> _TASK DIRECTIONS_
Would you retype the listing below word for word, without any of its pictures?

> _SOURCE MATERIAL_
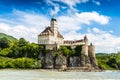 Schonbuhel castle, Danube river, Lower Austria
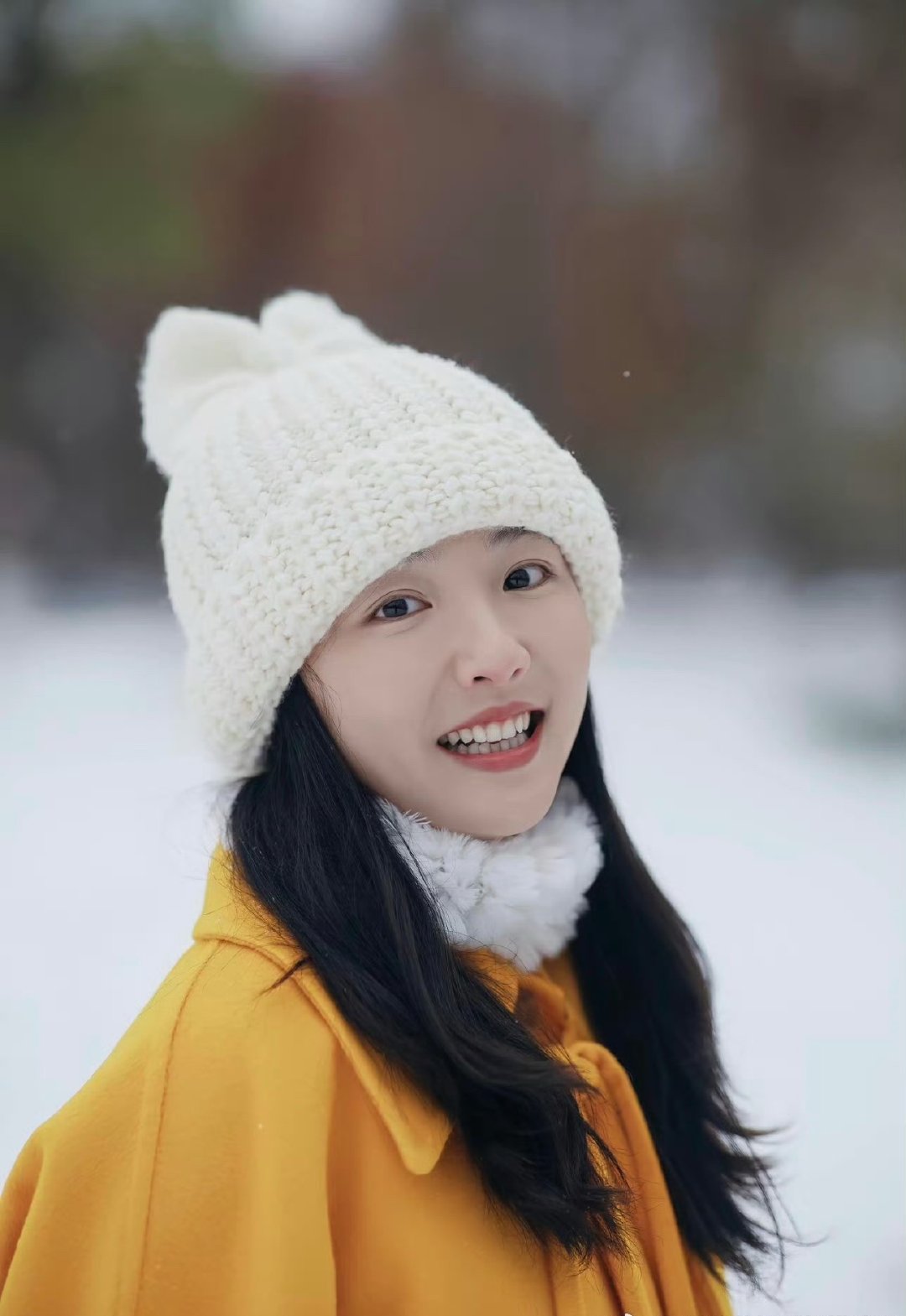 吴倩在读硕士 女孩子永远要做自己世界的大女主她可是武汉大学的本科啊！超高含金量 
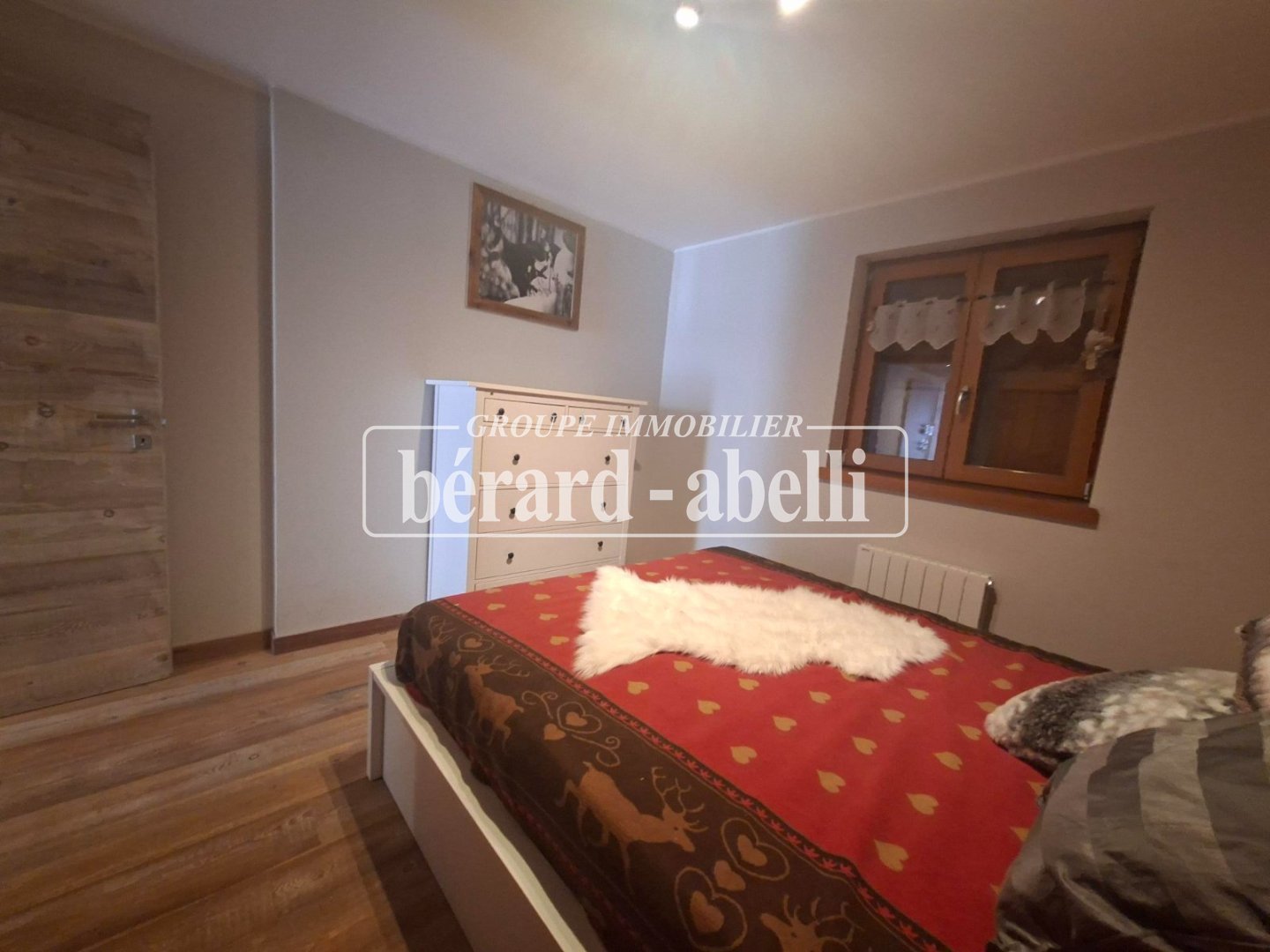 APPARTEMENT T2 CABINE A VENDRE - MONTGENEVRE VILLAGE - 40 m2 - 420 000 &euro;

> _RESULT BELOW_
 Schonbuhel castle, Danube river, Lower Austria
 吴倩在读硕士 女孩子永远要做自己世界的大女主她可是武汉大学的本科啊！超高含金量 
 APPARTEMENT T2 CABINE A VENDRE - MONTGENEVRE VILLAGE - 40 m2 - 420 000 &euro;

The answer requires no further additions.